- [Task directions] With the line containing "Erdoğan’ın arşivinden çıkan" as the start and the line containing "Real estate property" as the end, transcribe that span of the entries below exactly, including both.

Data in this exercise below:

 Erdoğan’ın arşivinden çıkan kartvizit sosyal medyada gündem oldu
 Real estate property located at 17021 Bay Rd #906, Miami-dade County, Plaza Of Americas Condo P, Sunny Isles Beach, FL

End of Data in this exercise.
Data in this exercise below:

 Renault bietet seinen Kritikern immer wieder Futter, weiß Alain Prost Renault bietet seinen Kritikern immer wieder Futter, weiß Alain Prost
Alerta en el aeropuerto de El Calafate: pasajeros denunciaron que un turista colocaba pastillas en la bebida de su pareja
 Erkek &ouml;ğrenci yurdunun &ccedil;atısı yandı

End of Data in this exercise.

- [Written answer]
 Erdoğan’ın arşivinden çıkan kartvizit sosyal medyada gündem oldu
 Real estate property located at 17021 Bay Rd #906, Miami-dade County, Plaza Of Americas Condo P, Sunny Isles Beach, FL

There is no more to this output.